Un olorcito
Había una vez un olor que le daba pena ser. Creía que su existencia era desagradable. El pobre olorcito intentaba esconderse por todos los medios. En ocasiones buscaba refugio tras otros olores.
Se ponía tras olores de cremas, de fragancias líquidas, en barra, en gel y hasta de ciertos olores comestibles. Lo único que logró con eso fue algo que, a cualquier otro, le habría alegrado, pero que a él lo torturaba más: que era más fuete que todos ellos.
El olorcito no hallaba qué hacer. Le daba pena ir a buscar trabajo porque se sentía inconforme con lo que proyectaba. Estaba claro, un olor como él no alcanzaría buena posición. Al contrario, quizás serviría para espantar a otros.
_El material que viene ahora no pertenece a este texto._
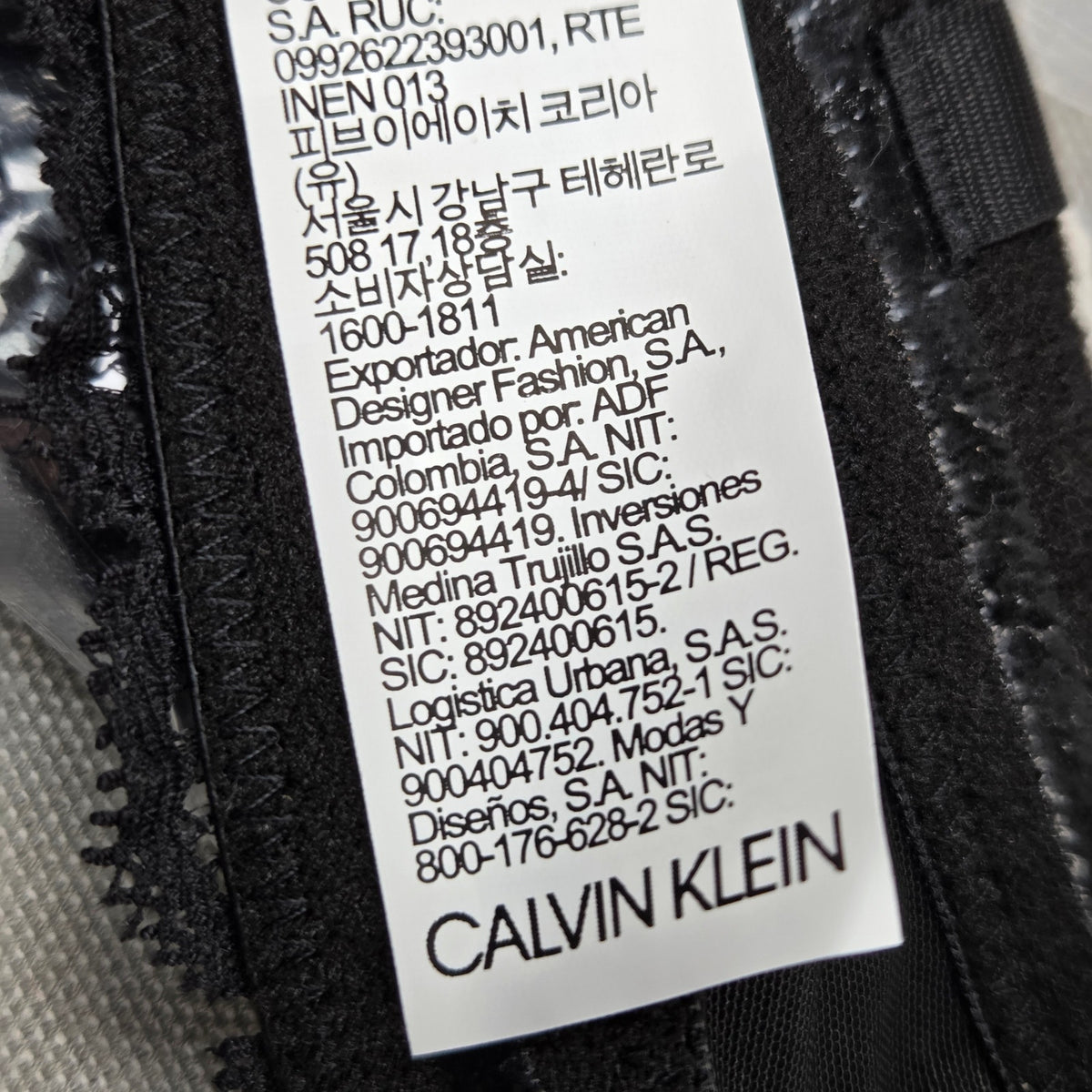 Calvin Klein Seductive Comfort Strapless Multiway Bra 36C Black QF1437 NWT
El llanto de olorcito era cada vez más continuo. Le parecía tan triste su condición que no podía hacer más que compadecerse él mismo.
Un día, el olor estaba en un lugar donde oyó varios nombres de olores: “esta es la fragancia ejecutiva”, “esta es la fragancia pasión total”, “allá está la fragancia ternura innegable y esta de aquí es la fragancia actividad continua”... El olorcito se percató, entonces, de que él no poseía un nombre. Le dieron ganas de llamarse de alguna manera. Pero no sabía cómo. Él nunca se había olido. No sabía qué atributo darle a su existencia. El olorcito anónimo decidió acercarse a varias narices y, así, suscitar reacciones de las que conseguiría sacar su nombre.
Comenzó por ponerse cerca de una anciana nariz que dijo: “¡qué es eso!, ¡qué raro huele!”. El anónimo se alejó. Su corazón se entristeció por tal reacción. No era mala, pero tampoco buena. Además, no le ayudaba en nada a conseguir su meta.
Así anduvo un buen tiempo. Lo extraño era que no conseguía que las impresiones de las narices lo calificaran de alguna forma. Unas respiraban hondo para tratar de identificarlo. Al no poder definirlo, solo hacían gestos o exclamaciones objetivas como: “huele a algo”, “¿qué es eso?”, “huele como a... no sé”, y cosas por el estilo. Otras narices eran más sensatas y solo callaban. Lo percibían, pero como lo desconocían, preferían dejarlo pasar y ya.
Un buen día, el olorcito se cansó de buscar el nombre de su “fragancia” (si así se le podía llamar) y decidió dormir. Se posó en la cama de un niño pequeño. Una cama cualquiera que estaba a la mano. Se disponía a conciliar el sueño cuando una naricita juguetona y pequeñita se le acercó. Lo olió con inocencia. Se alejó un poco y sonrió. Se volvió a acercar con mucho cariño y aspiró fuerte, como un suspiro. Después de dos segundos dijo: “huele a tonto”.
El olorcito reaccionó. Sonrió. Su corazón estaba que desbordaba felicidad. Se tapó la cara con sus manitas y, con gran alegría, se dijo: “ese soy yo”. Abrió sus manos al mundo y se nombró con su nuevo nombre. Era el “Olor a Tonto”. Era un olor raro que nadie rechazaba y que, alas naricitas jóvenes, inspiraba cariño.